SUPPLIED RECORDS START
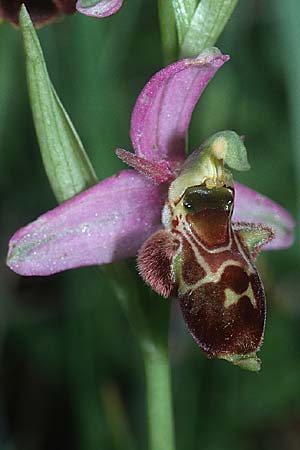 Ophrys apifera var. badensis x holoserica, D   Saarland Badstube 27.5.2000 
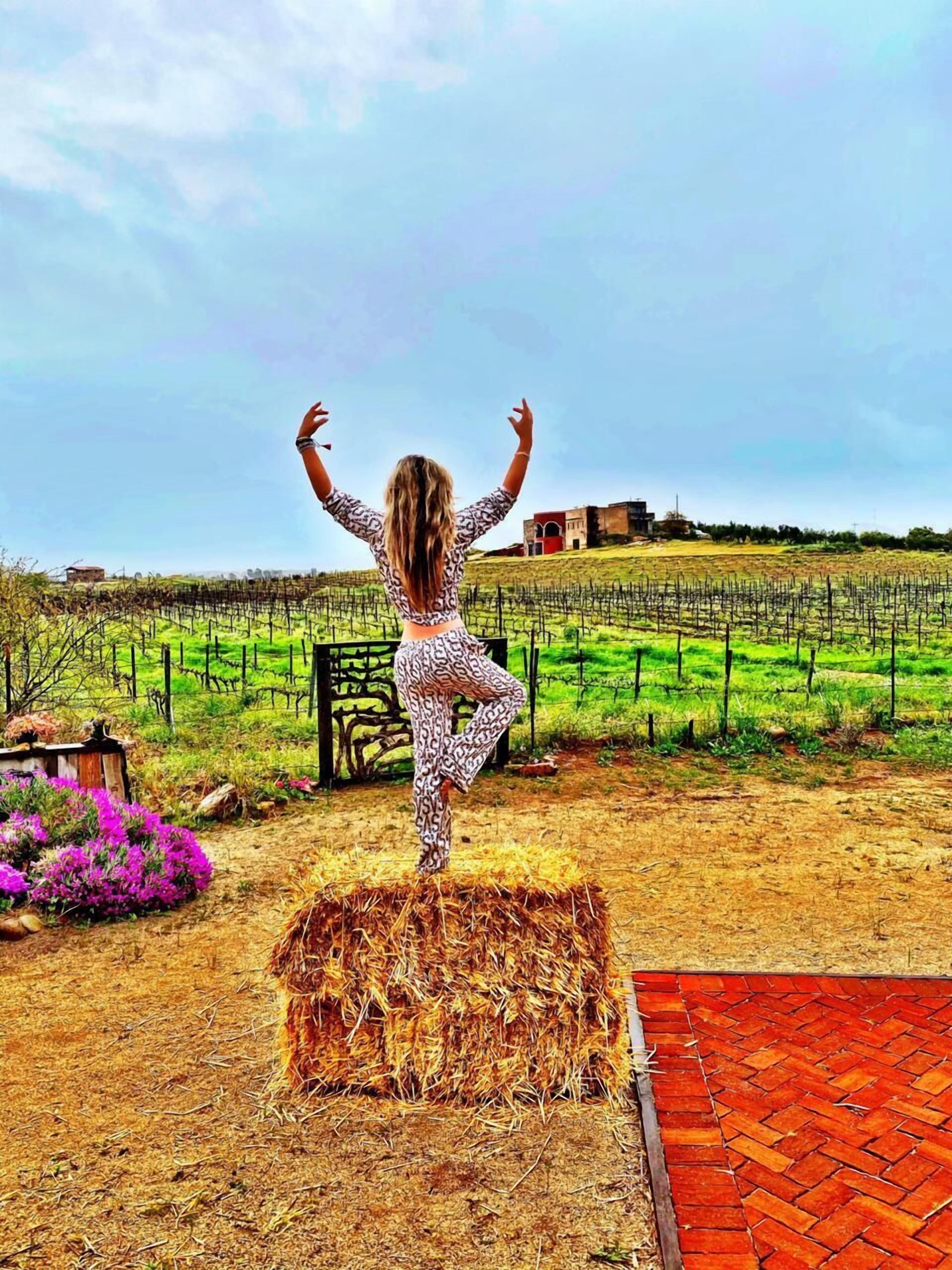 Área da propriedade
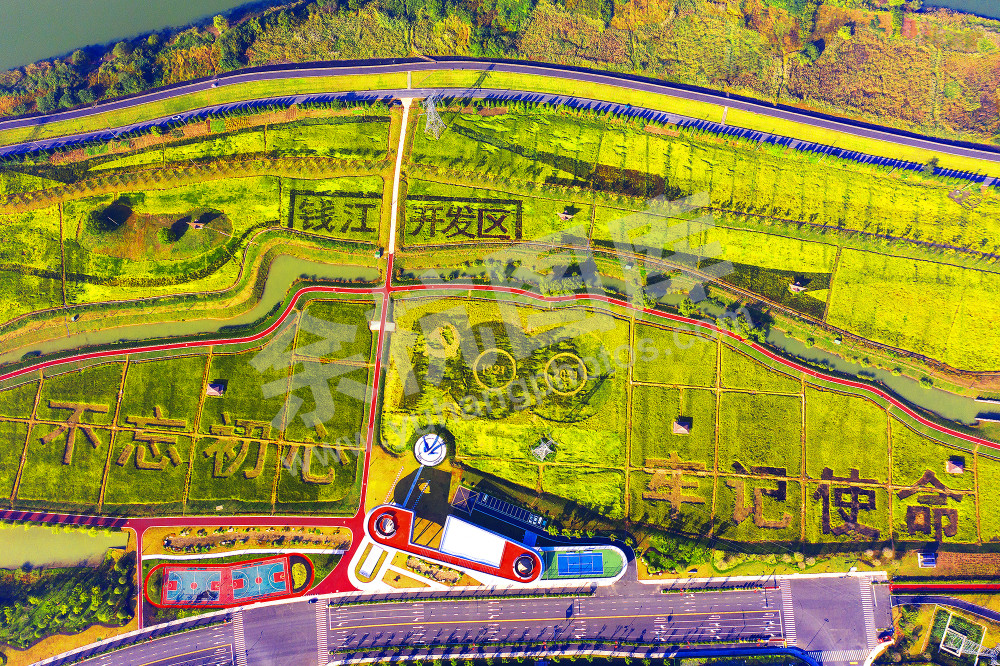 《智荟动力公园》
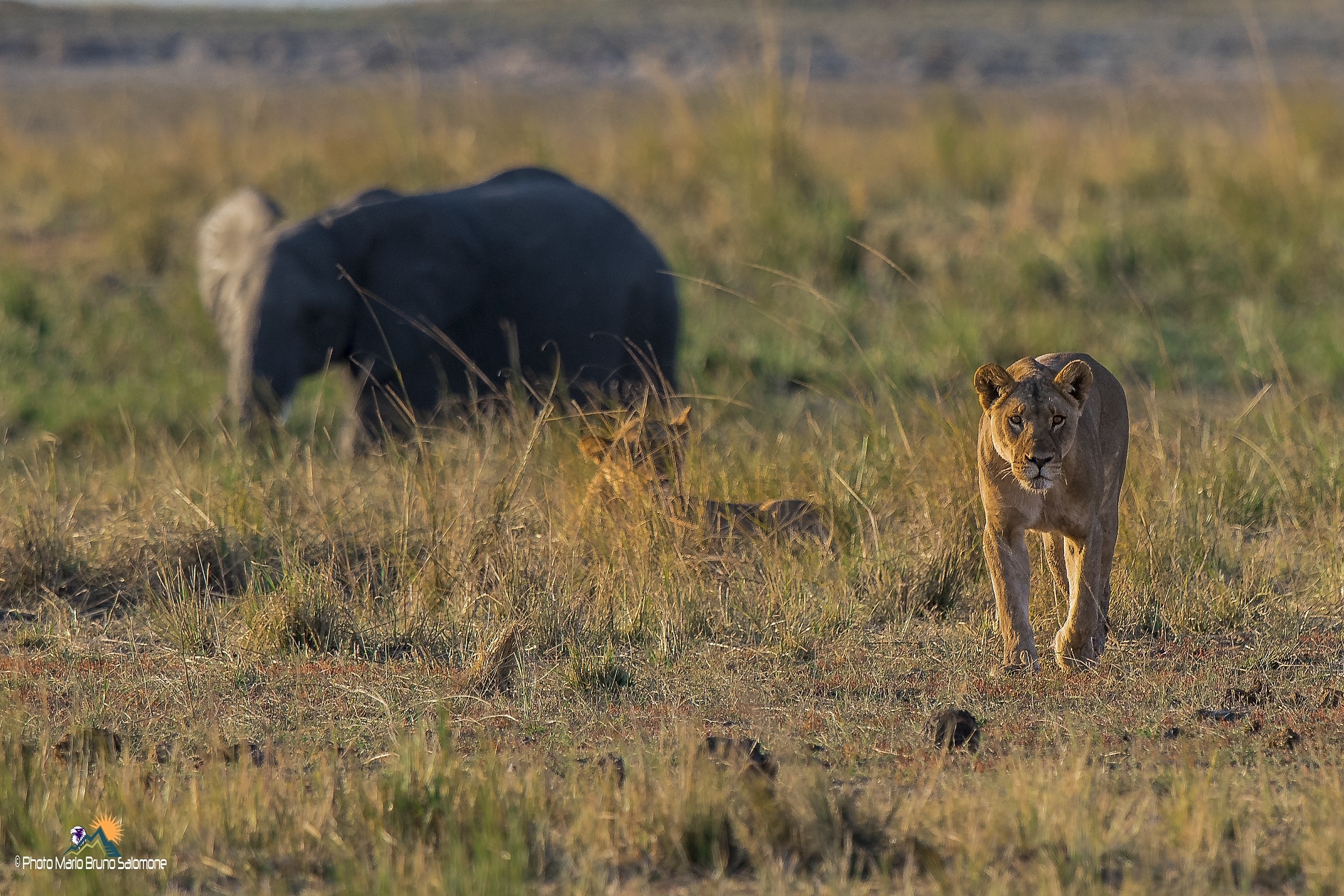 The sun goes down on the Chobe River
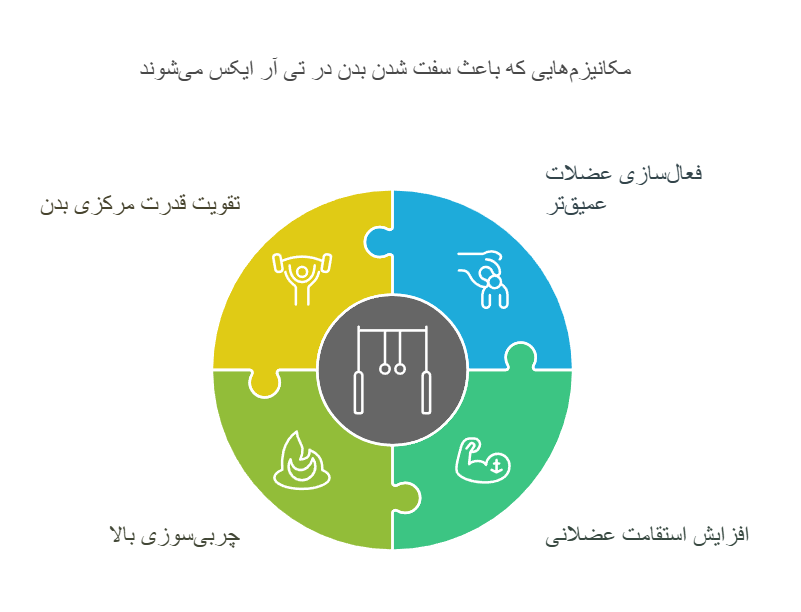 مکانیزم‌هایی که باعث سفت شدن بدن در تی آر ایکس می‌شوند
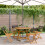 Berkfield 5 Piece Garden Dining Set Black Poly Rattan and Solid Wood 1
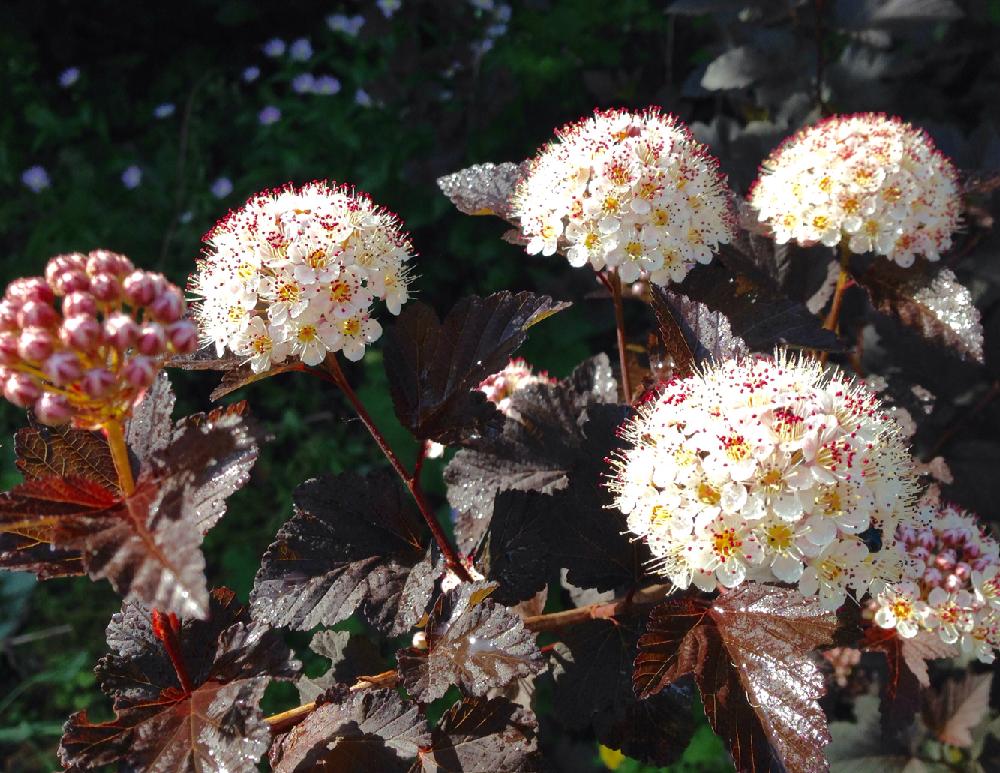 心に強く訴えるディアボロ 花 最高の花の画像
SUPPLIED RECORDS END
▸ **EXERCISE DETAILS**:
Could you retype all the entries exactly, skipping the pictures?

▸ **RESPONSE AREA**:
 Ophrys apifera var. badensis x holoserica, D   Saarland Badstube 27.5.2000 
 Área da propriedade
 《智荟动力公园》
 The sun goes down on the Chobe River
 مکانیزم‌هایی که باعث سفت شدن بدن در تی آر ایکس می‌شوند
 Berkfield 5 Piece Garden Dining Set Black Poly Rattan and Solid Wood 1
 心に強く訴えるディアボロ 花 最高の花の画像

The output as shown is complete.